家督を継いで間もない頃は未だ幼く、祖父・塩塵の後見の下に、姉の深芳野が側室として送られた土岐頼芸に従ったものの、道三が頼芸を美濃から追放すると、これに従った(因みに、深芳野は頼芸が追放される以前に頼芸より道三へと下賜された)。以降、道三の下で着実に実績を積み重ねた良通は、西美濃三人衆と呼ばれるまでになっていた。そして、道三とその子・義龍が争った長良川の戦いでは、姉の子に当たる義龍の側に与してその勝利に貢献し、斎藤家中での影響力を増していったのだった。
ところが、だ。義龍が死去してその子・龍興が斎藤家当主となると、長井隼人佐や斎藤飛騨守等の専横が始まり、現在では斎藤家の先行きを憂う諫言も届かぬ程に、その関係は冷え切ってしまっていた。
「えー、なんと申しましょうか。平たく言うと、半兵衛に養われている便利屋とでも言いましょうか――ははは……」
文殊丸は自身の立場を明確に表す言葉を見つけられずに、言葉を濁した。
「何を言っておる、其方が半兵衛であろうに」
良通は真直ぐに文殊丸を見据えて言い放った。
「あいや、稲葉様! 此の者は先々代の半兵衛重治に瓜二つなれど、然に非ず」
慌てふためいた表情で十助が文殊丸の前に割って入った。
「む――?」
片側だけ、極太の眉を動かして良通は十助に視線を移した。
「元・影武者に御座います。先代の半兵衛重虎が恩情にて、伽羅繰屋なる鍛冶師の下にて修行をさせておりまする」
十助はそう言って文殊丸という人物を説明した。
「む――?」
良通は喉を鳴らすと、繁々と文殊丸を観察し始めた。
「いやいや、そんなに見つめられても……」
文殊丸はそう言って良通の視線を遮るように両の手を振った。
「儂の見当違い、という事か?」
良通が文殊丸を鋭い眼光で観察しながら十助に問うと、
「いやいや、然に非ず。我ら竹中家中の者でも見分けがつかぬ者も居ります故、当然の事に御座います」
十助はそう言って、文殊丸の隣へと座り直した。
「ほう、出来の良い影武者は使い道がある――と?」
良通は鋭い眼光を十助に向けた。
「左様に御座います」
十助は胸を張って快活に言い切った。
影武者とは、当主の身代わりとして用意された見目形の似た者の事だ。即ち、有事には文字通りに命を賭して主を守り抜く役目を負った者だ。とはいえ、主が亡くなった際には殉死するのが通例であり、場合によっては次代の当主から追手を向けられることもあった。それは、影武者当人による主家の簒奪や、影武者を唆して主家を乗っ取ろうとする者達の謀を防ぐ為だ。
「なるほど。そういう設定か」
十助の弁明を聞いていた文殊丸は、ようやっと自分の立ち位置が理解できたという表情で納得していた。とはいえ、文殊丸と十助は未だに良通の鋭い眼光に晒されたままだ。

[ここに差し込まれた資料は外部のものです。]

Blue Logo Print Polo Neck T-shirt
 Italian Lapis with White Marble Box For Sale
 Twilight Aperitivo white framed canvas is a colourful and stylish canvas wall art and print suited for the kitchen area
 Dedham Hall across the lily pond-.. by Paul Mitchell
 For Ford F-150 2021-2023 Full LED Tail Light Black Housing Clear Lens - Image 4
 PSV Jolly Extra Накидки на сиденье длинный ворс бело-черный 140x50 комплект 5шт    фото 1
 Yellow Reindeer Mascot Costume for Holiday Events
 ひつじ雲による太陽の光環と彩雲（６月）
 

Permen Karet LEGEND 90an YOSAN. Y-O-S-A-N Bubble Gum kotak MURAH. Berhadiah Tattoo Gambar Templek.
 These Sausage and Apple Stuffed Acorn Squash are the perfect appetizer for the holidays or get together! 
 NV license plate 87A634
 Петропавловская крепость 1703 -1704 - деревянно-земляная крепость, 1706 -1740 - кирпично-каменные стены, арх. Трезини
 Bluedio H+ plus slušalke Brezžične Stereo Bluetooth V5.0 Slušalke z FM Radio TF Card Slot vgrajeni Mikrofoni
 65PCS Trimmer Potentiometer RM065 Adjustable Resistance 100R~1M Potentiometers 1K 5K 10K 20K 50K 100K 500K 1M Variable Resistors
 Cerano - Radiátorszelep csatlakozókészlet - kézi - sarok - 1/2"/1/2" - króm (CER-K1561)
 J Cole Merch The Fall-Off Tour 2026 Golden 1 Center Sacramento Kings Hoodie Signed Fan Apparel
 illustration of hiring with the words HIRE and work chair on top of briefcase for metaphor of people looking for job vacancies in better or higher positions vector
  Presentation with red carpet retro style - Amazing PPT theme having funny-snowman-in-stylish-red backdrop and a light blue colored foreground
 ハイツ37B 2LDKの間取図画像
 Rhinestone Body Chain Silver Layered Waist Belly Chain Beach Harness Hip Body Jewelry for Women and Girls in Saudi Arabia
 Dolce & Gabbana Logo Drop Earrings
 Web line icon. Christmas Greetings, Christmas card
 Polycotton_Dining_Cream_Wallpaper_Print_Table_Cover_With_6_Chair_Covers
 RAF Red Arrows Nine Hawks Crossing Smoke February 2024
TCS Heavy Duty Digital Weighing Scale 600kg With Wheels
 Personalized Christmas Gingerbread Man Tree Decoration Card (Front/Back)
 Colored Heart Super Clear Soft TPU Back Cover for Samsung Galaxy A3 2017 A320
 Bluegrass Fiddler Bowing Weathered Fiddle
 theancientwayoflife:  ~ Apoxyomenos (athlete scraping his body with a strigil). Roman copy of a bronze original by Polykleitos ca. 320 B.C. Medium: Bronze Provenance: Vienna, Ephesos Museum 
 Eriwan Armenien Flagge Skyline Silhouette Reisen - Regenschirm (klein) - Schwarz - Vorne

「して、この筆と書状を手土産に我が館に乗り込むとは――この儂を脅しに来た、と言う事か?」
良通はそう言って件の筆と書状を手に取った。
「ありゃ?」
手に取られた筆を見て、文殊丸は思わず声を発した。それもそのはず、見紛う事無き粗品であったからだ。穂先の腹は痩せ細り、辛うじて線が描けるか否か。軸先には墨の汚れがべったりと染み付き、軸の中ほどには不器用に『六』と彫られた跡があった。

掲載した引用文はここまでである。